* _Task description_
Only the lines from the one containing "Used 2019 RAM 1500 Big Horn AWD/4WD image 12" to the end of the records belong in the copy. Reproduce them word for word and drop the pictures.

Brief descriptive captions

################

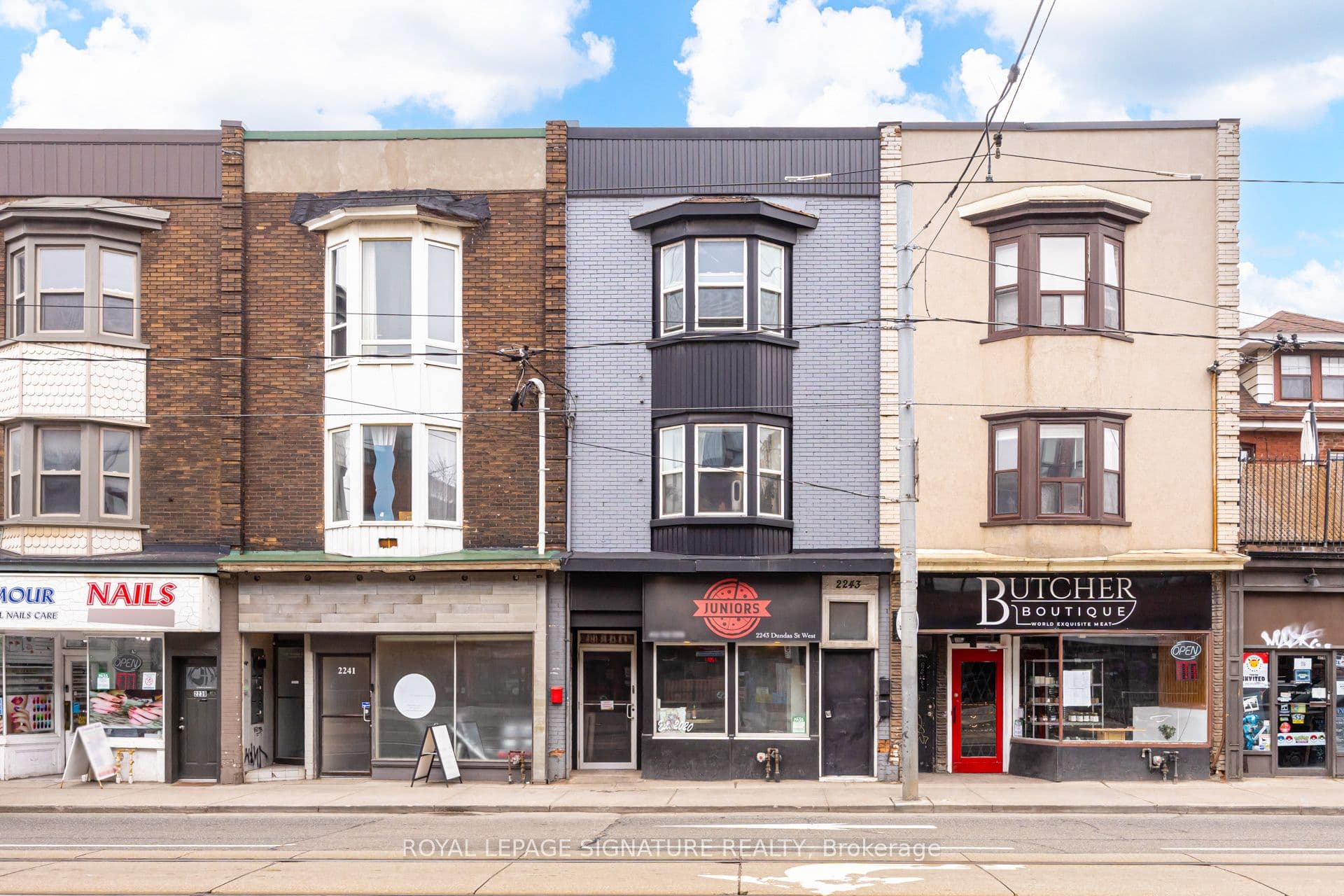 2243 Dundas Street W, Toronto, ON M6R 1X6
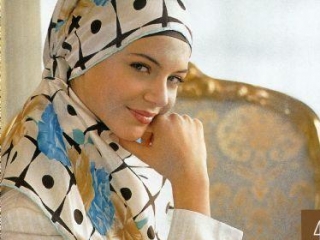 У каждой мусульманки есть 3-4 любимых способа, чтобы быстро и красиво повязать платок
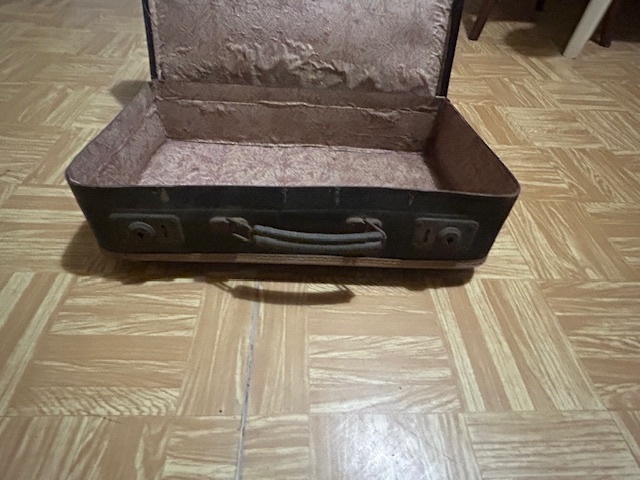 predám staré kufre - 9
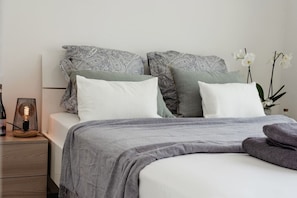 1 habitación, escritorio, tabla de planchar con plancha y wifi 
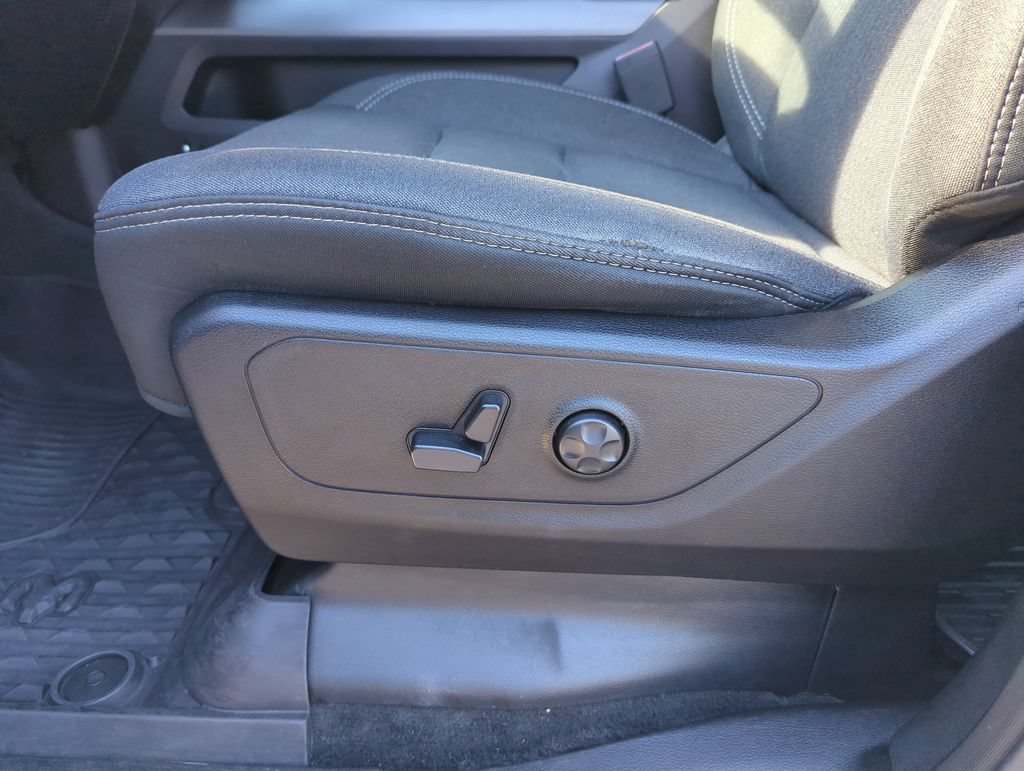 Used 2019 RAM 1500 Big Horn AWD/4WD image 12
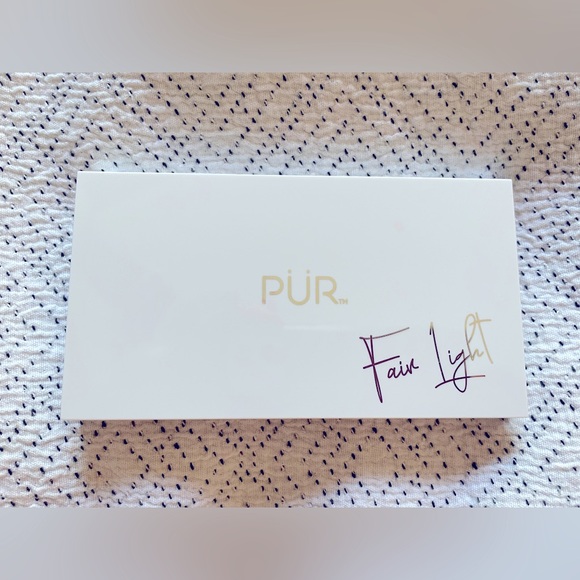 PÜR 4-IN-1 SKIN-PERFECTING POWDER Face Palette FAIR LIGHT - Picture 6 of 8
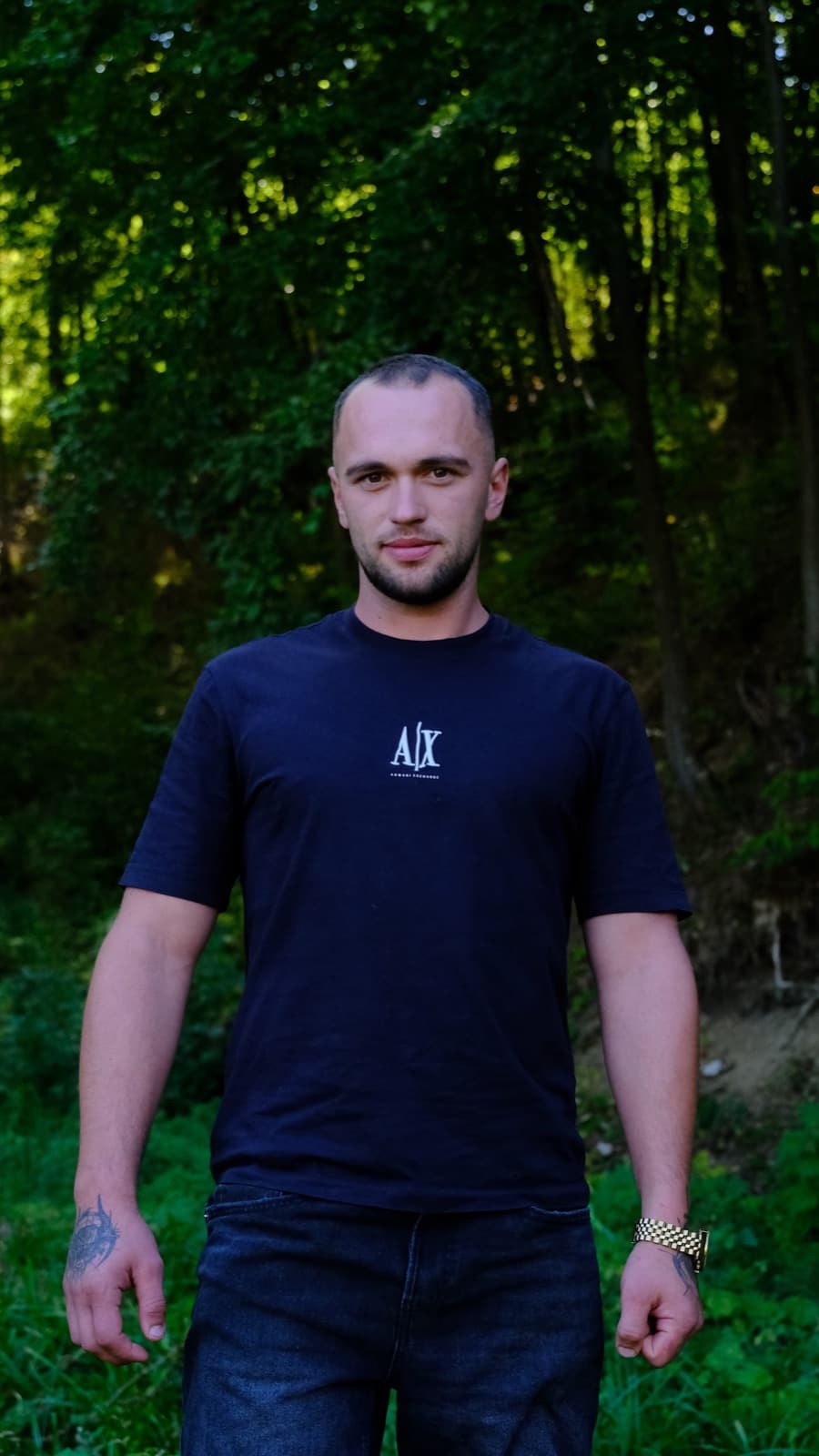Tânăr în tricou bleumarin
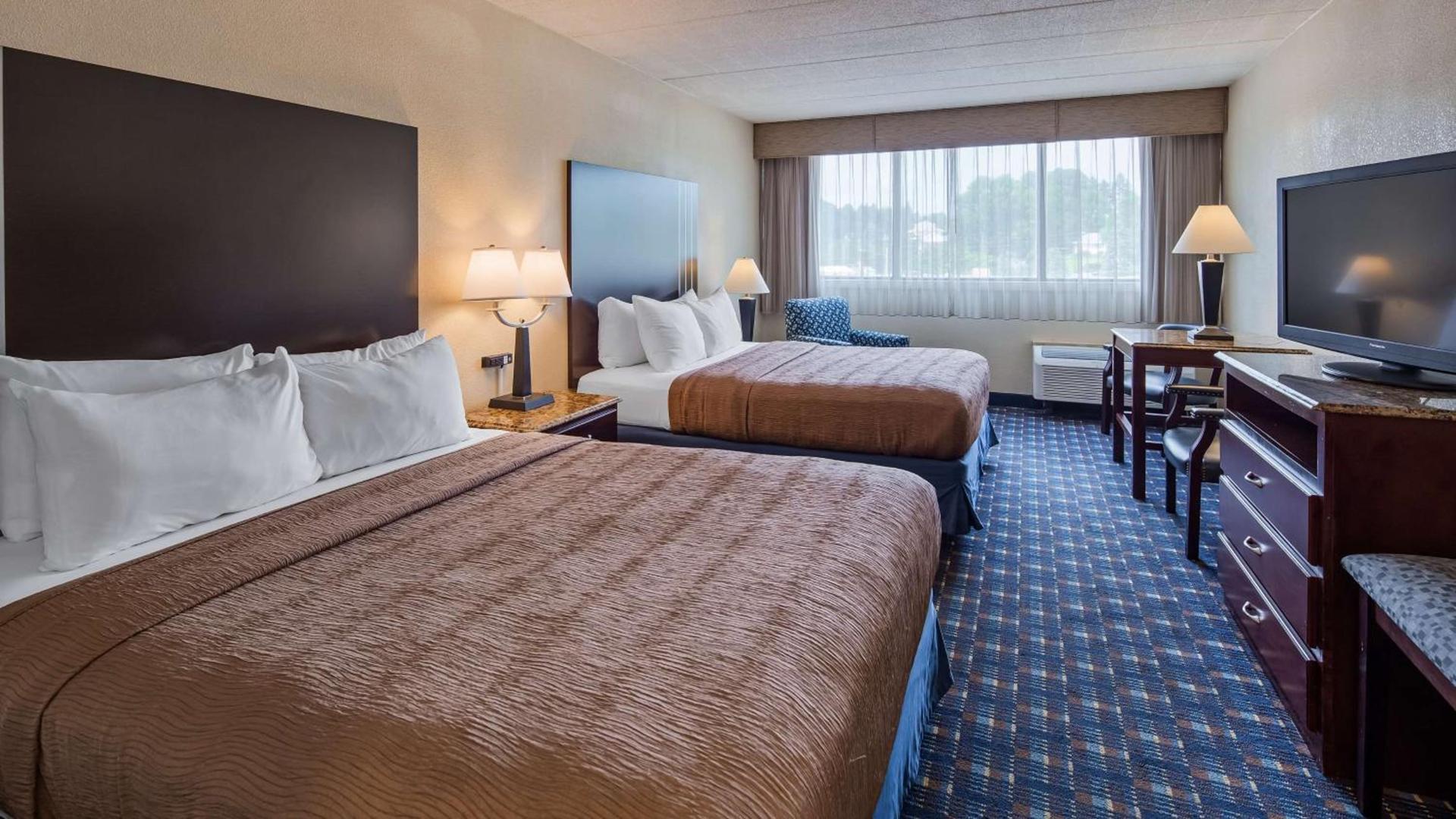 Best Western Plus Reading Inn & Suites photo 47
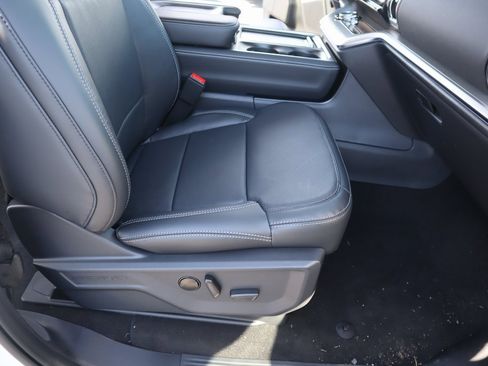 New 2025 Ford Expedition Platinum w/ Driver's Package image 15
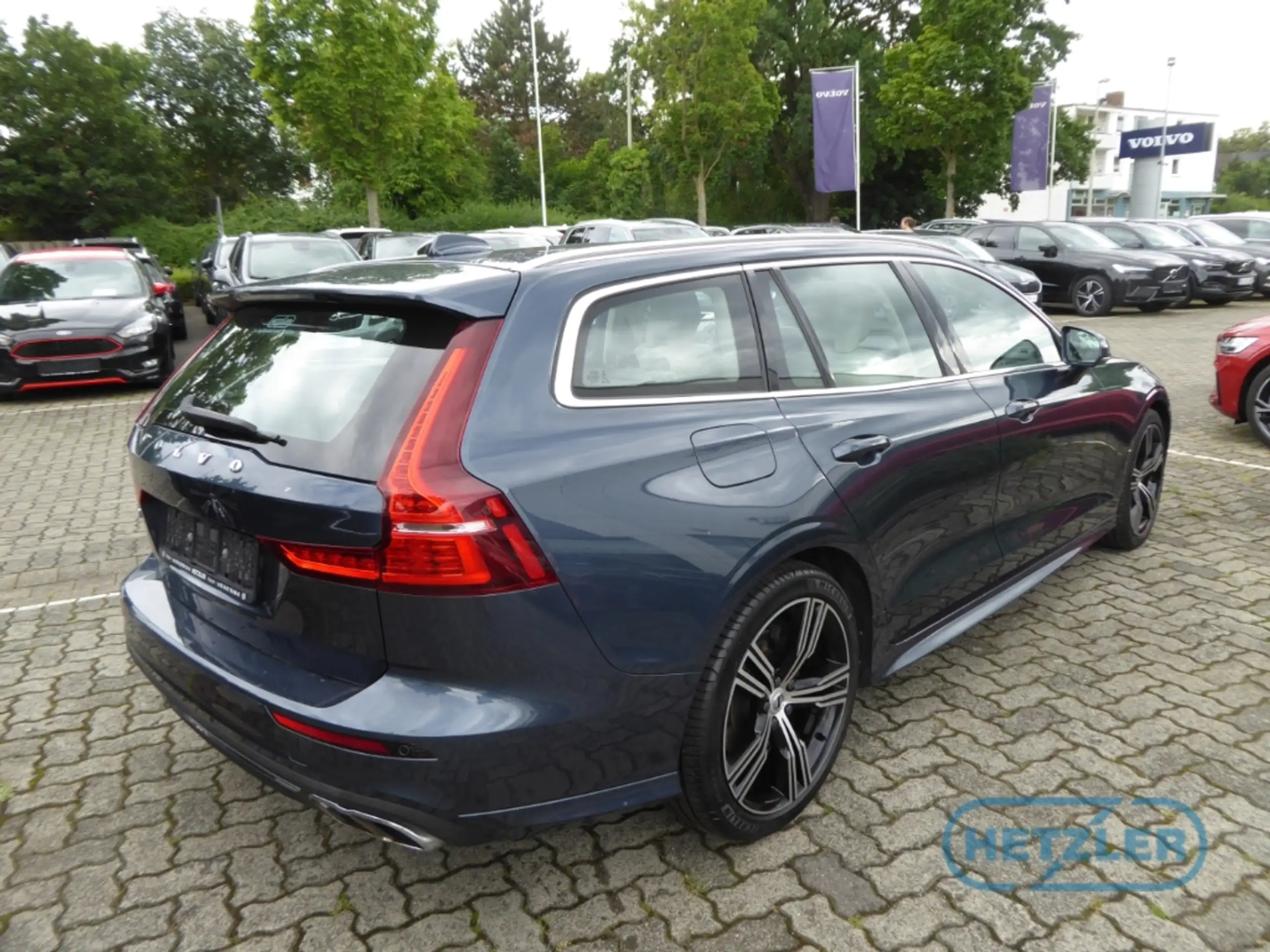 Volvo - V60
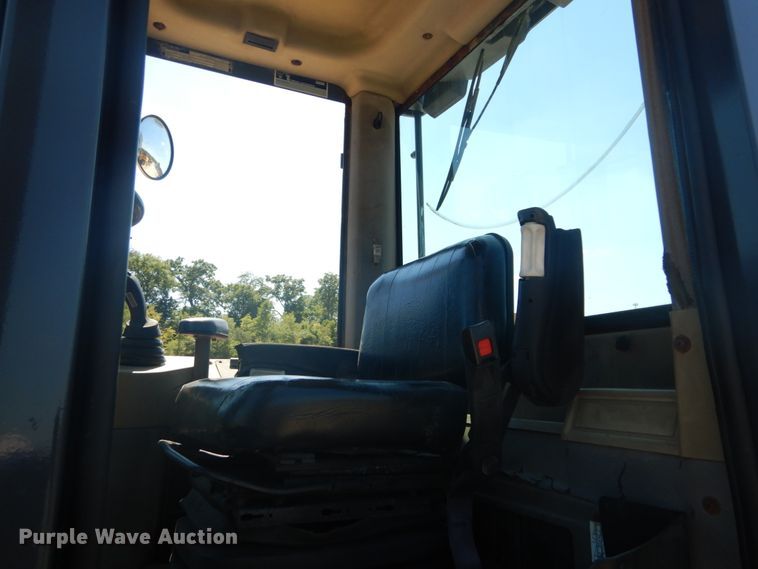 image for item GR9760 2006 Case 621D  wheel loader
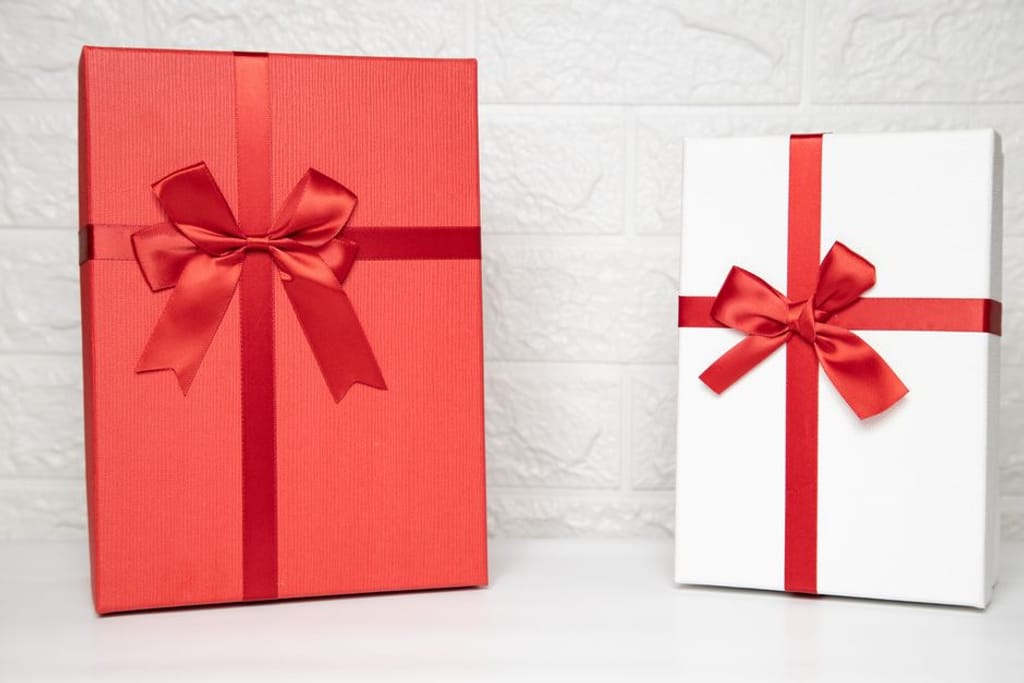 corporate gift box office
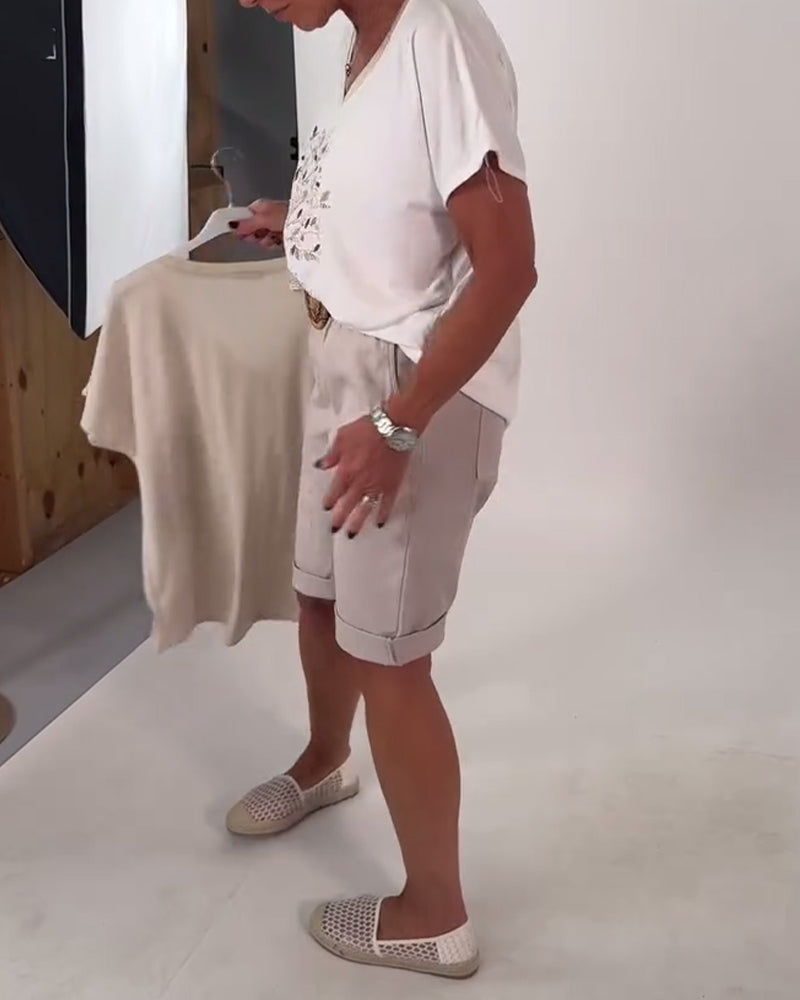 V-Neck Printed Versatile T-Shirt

################

* _Written answer_
 Used 2019 RAM 1500 Big Horn AWD/4WD image 12
 PÜR 4-IN-1 SKIN-PERFECTING POWDER Face Palette FAIR LIGHT - Picture 6 of 8
Tânăr în tricou bleumarin
 Best Western Plus Reading Inn & Suites photo 47
 New 2025 Ford Expedition Platinum w/ Driver's Package image 15
 Volvo - V60
 image for item GR9760 2006 Case 621D  wheel loader
 corporate gift box office
 V-Neck Printed Versatile T-Shirt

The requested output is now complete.